Hey all,
I walked three miles today...
on to the post.
I went to church last sunday.
They do this thing where you pick up a shoebox and fill it up with toys and candy and then send it to a 'needy child'.
Well, one of the people who runs the thing was at church last sunday.
She explained something that I never knew.
This is the only box that child will ever get.
It's not like this charity comes back year after year.
Just once.
One box.
I sat and thought about it.
What kind of gift do you give to a kid in a third world hell hole that is big enough to last his whole life.
They give the kid a bible.
So, that was out...you can't send knives so a multi tool is out ( I love multi tools...can openers, mini hack saw...the whole nine.)
we (meaning my youngest and I) picked a little girl between 4 and 9.
She picked the biggest shoebox she could find. lol.
So tonight I went to walmart to find stuff...and as I wandered up and down the aisles I realized the only thing I really wished I could give her I couldn't give her.
the same opportunities my kids have as citizens of this country.
I looked at the barbie dolls (and I have no idea where this box is going)...
All the blond haired, blue eyed dolls with their fluffy dresses and sparkles.
On the back it said "What do I want to be today?" with a little girl with her head in her hands daydreaming and pretending with barbie..
She was a doctor
or an astronaut.
Or a fashion model.
I was thinking...
this kid probably wants to be
"Not hungry" today.
Part of me wondered if this child was going to look at this doll like some sort of alien creature descended from america.
I bought doctor barbie.
Because there are lots of aid agencies in Africa...or maybe this is going to haiti...and maybe this girl could pretend she would grow up and be a doctor.
So I bought that barbie.
The Aid lady said that often times the families would share the box so I bought a four pack of toothbrushes.
I bought a washcloth (also on the list)...a jumprope...because it can be used by more than one person...a pack of plastic playing cards so they would be harder to smudge or damage.
a coloring book with disney princesses along with crayons.
(again had that moment where I wondered what the child would think of all these fancy dresses and butterflies)
And bought a dress one size too large for a nine year old.
two head bands and a rose clip to put on them...a package of 9 combs and 10 pencils and a pencil sharpener.
And I managed to cram this stuff into a shoe box.
I will be duct taping it later. lololol.

I sat there looking at the number of paltry items in my cart.
Things I could pick up willy nilly whenever I wanted.
I got home and explained to my oldest that these kids only ever get one shoe box.
She couldn't believe it..
I told her they moved on after they handed one out and they don't come back.
What do you buy a child who will never have your children's opportunities.
I wish I could buy them a plane ticket to america.
We are so lucky.
And so blessed.
We have so much and I don't think we realize it.
A hairbow.
It's something special to a child over there.
Here it's something I retrieve from under my daughters bed because she dropped it and forgot about it.
could you imagine buying your child a washcloth for Christmas?
What kind of guff you'd get?
A comb?
It's enough to leave you heartbroken.
Have a good Sunday..
I will see you all on Monday.


Linda Pressman said...

It's a sobering thought and a big responsibility. We sign up for the Adopt-A-Family program our school has every year and sometimes the lists are heartbreaking and other times they can be weird, like asking for Ugg boots or a Nintendo DS, things my own kids don't have even though we could afford them.

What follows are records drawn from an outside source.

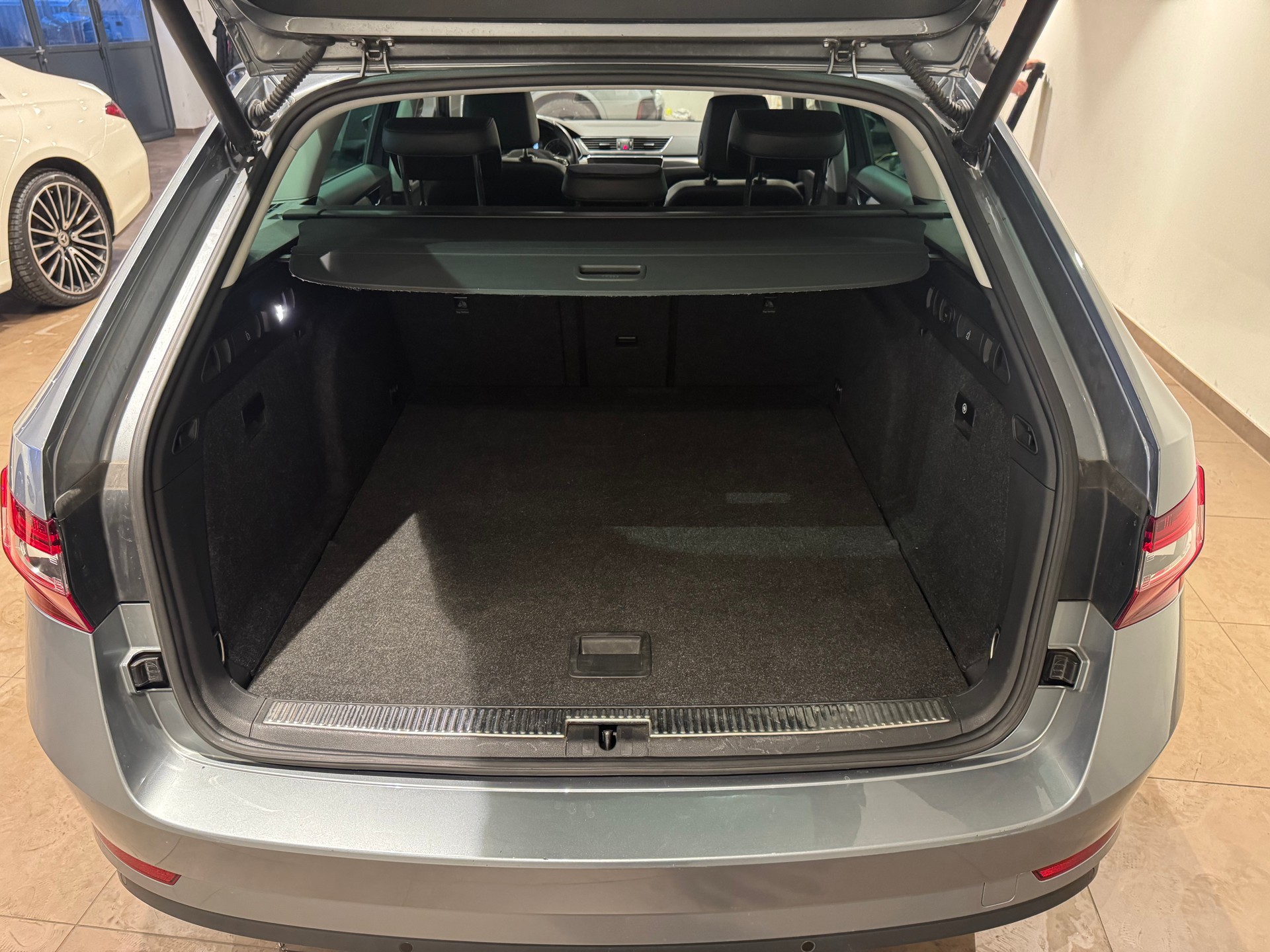 SKODA Superb Combi 2.0 TDI Style DSG - 6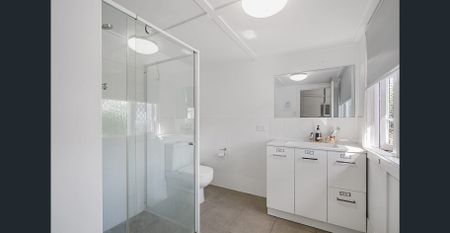 Two Spacious, Fully Furnished Rooms. Clean and well Located. Air Conditioned. - Photo 4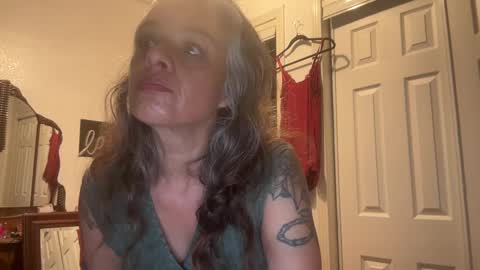 Tori online show from October 2025 03:04:01 AM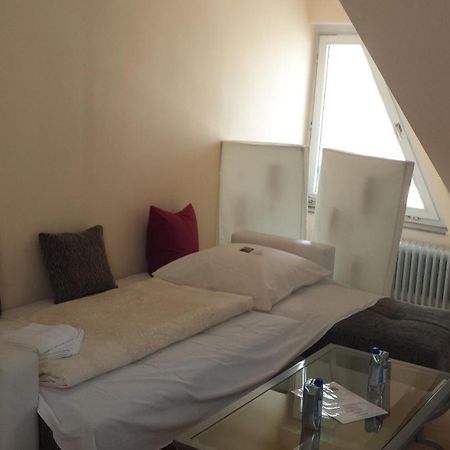 Barcelona Bed & Breakfast Düsseldorf Quarto foto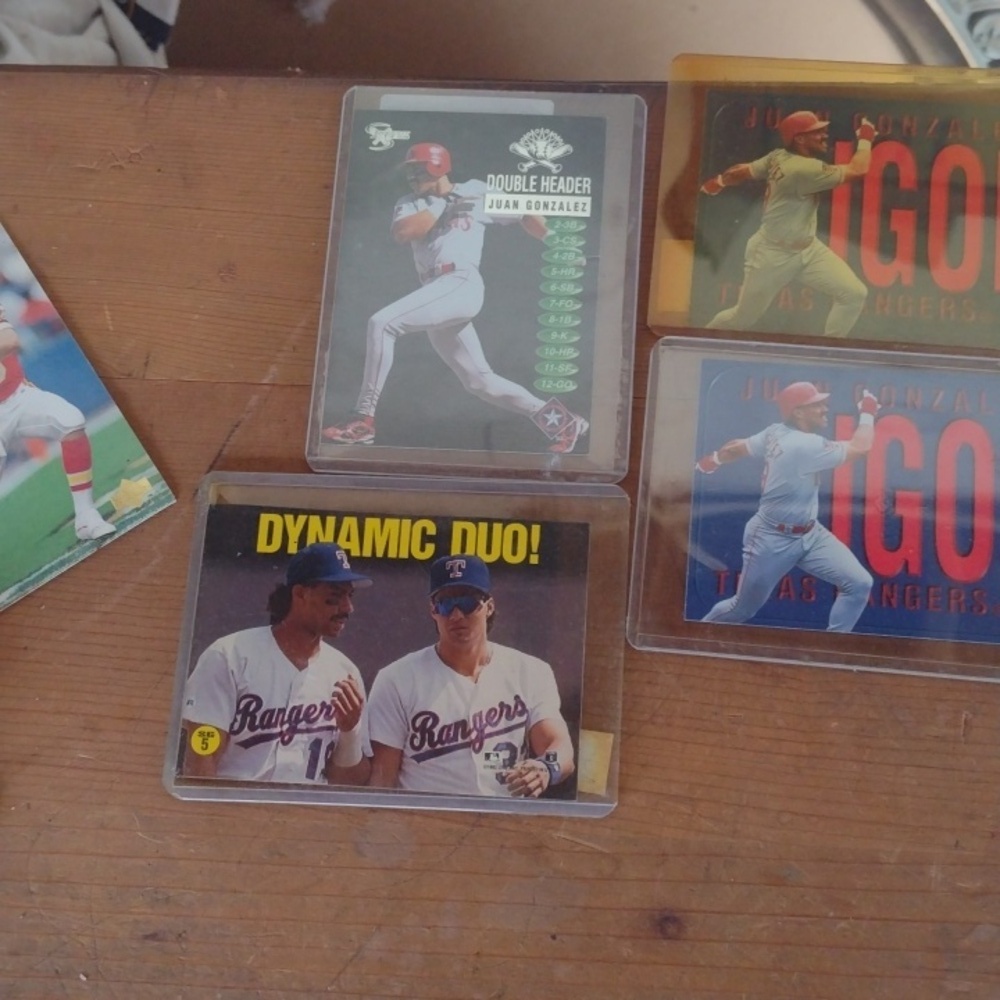 Juan Gonzalez Baseball Trading Card Collection - Picture 4 of 4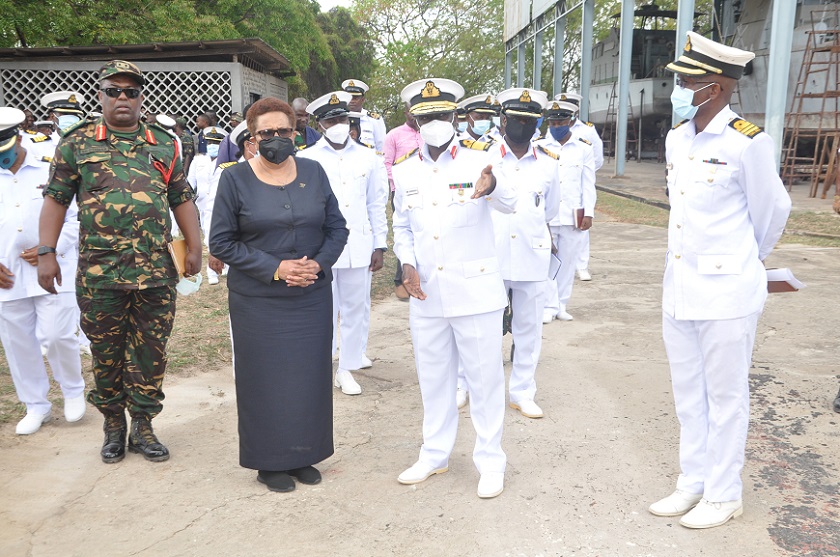 Waziri wa Ulinzi na JKT Atembelea Kamandi ya Wanamaji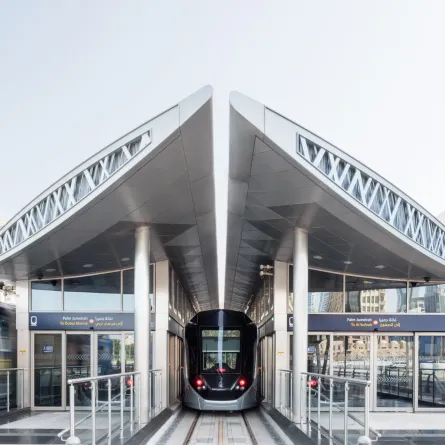 ترام دبي ينقل 52 مليون راكب منذ تدشينه في 2014. الصورة من حساب هيئة الطرق والمواصلات على منصة x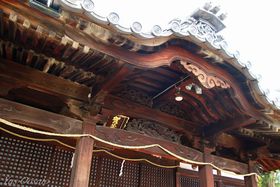 ���������ŉh�������R������s�̗��j�I���ǂ���T�I�̋L���T���l�C��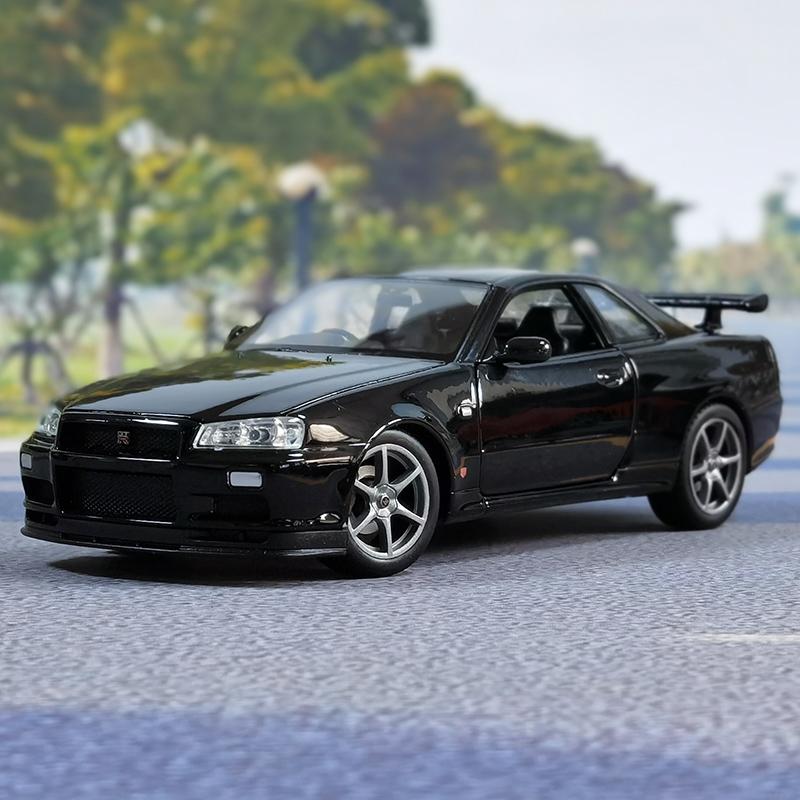 Welly 1/24 Nissan Skyline GTR R34 Alloy Sports Car Model Simulation Diecast Metal Toy Racing Car Model Collection Childrens Gift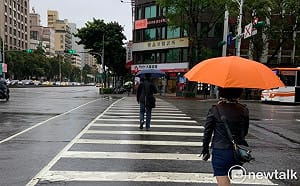 兩波鋒面要來了！好天氣將轉濕涼有雨　專家曝：週末「這裡」雨勢最強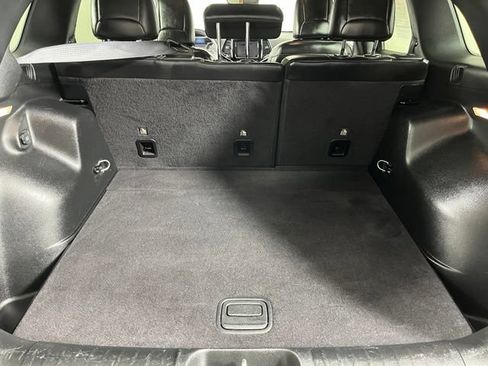 Used 2019 Jeep Cherokee Limited AWD/4WD image 37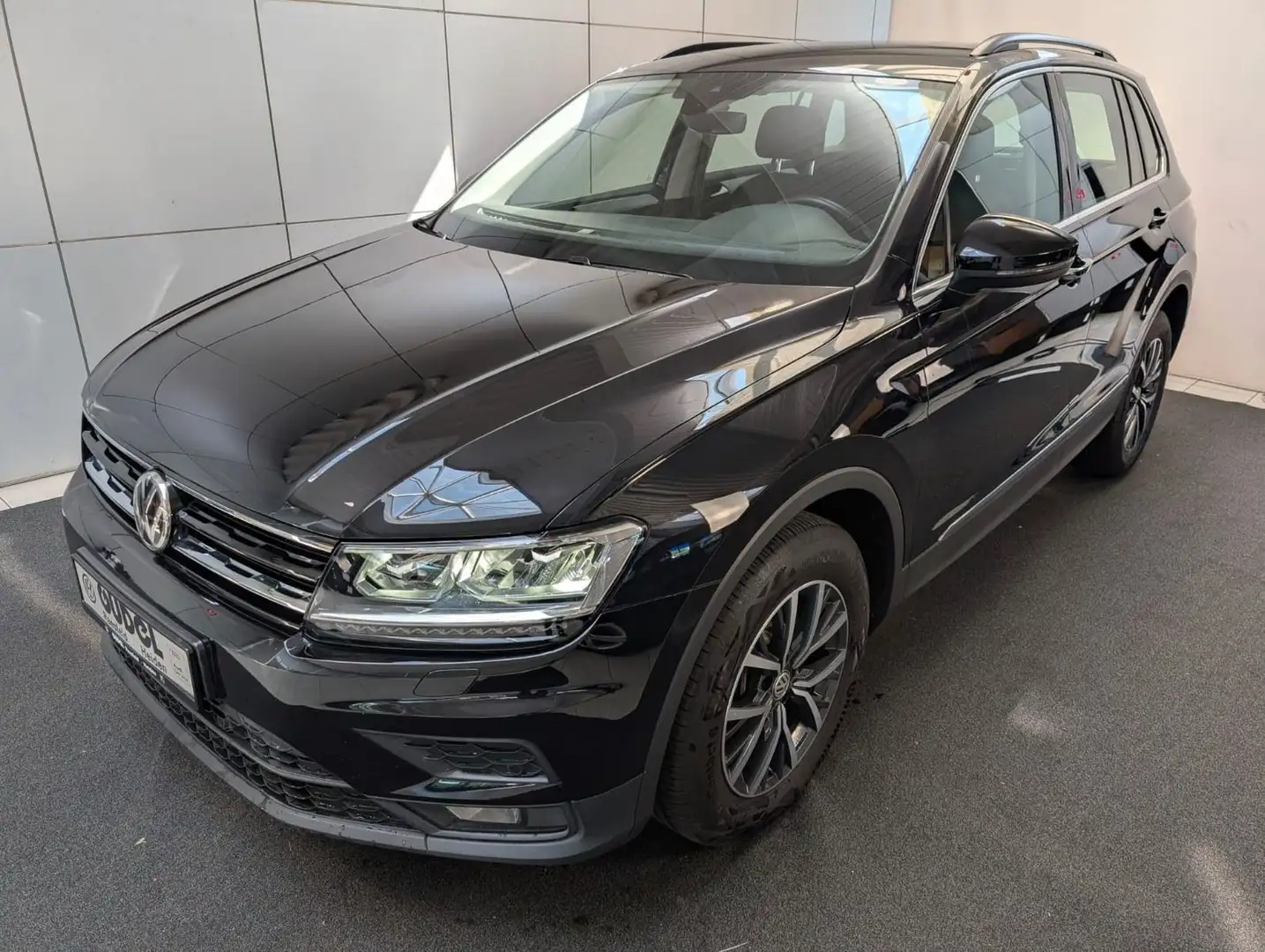 Volkswagen Tiguan CL 2.0 TDI SCR 4Motion DSG Assistenzpaket Noir - 2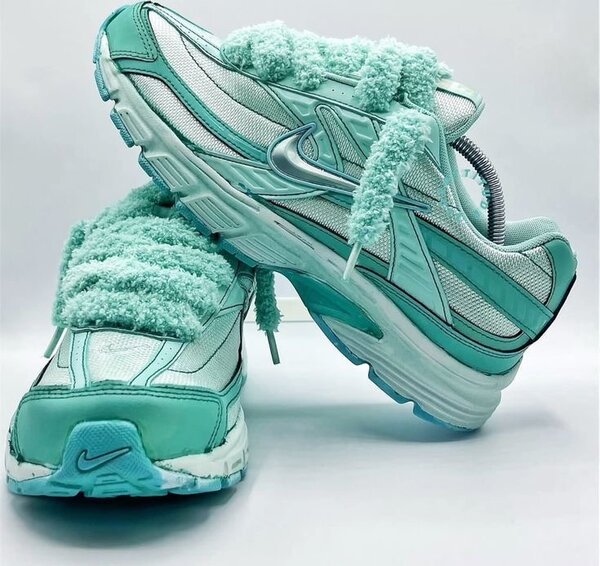 Chaussures Nike bleu turquoise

This year among my gifts, I ended up with the kid who wants a Barbie too. So I bought her a double pack. That way she can play with someone else!

LauraLynne said...

We are indeed blessed for our country, our opportunities, our ability to dream, grow, and achieve.
I can't imagine what I would fill the box with. I mean what does a hungry child DO with toys and stuff?
There just isn't a shoebox to hold the hugs I'd like to send.

Anonymous said...

You have a good heart, Chris.


Venus Flower said...

That is such a hard and thought provoking thing. I know I feel sorry or stressed or worried about things ALOT, my family was evivted 3 years ago and ALMOST evicted again a couple months ago, at the end of the month we don't have food ... we are under enormous stress a great deal of the time... But even so I always remember that we are SO very blessed. I haven't truely starved, I still have a roof over my head... We are okay...Alot of people out there are in more need... even of a little understanding...

She said...

We do the shoebox over here too and it does pull you up sharp. We are so blessed in the western world. Or maybe we are cursed? We live in such a materialistic time, at this time of the year it all becomes so apparent. Oh for a simpler, kinder more caring world.

Thank you Chris.



Jane said...

Beautiful, thoughtful post, Chris. In this era of excess in our country, I am humbled by the needs of others in this world. I wish we did the shoebox here. I've not heard of it before, but I will be sharing this idea. Thank you.

Leslie said...

Beautiful. Our church does this as well, and I can honestly say our family gets as excited preparing for a less fortunate family than our own Christmas mornings. Thanks for reminding me that is truly is more blessed to give than receive, and makes us feel better than does anything else.

Anonymous said...

I love your heart.

Ms. Chunky Chick said...

It is true, and just knowing that every little bit helps. You have an amazing heart.

Robin said...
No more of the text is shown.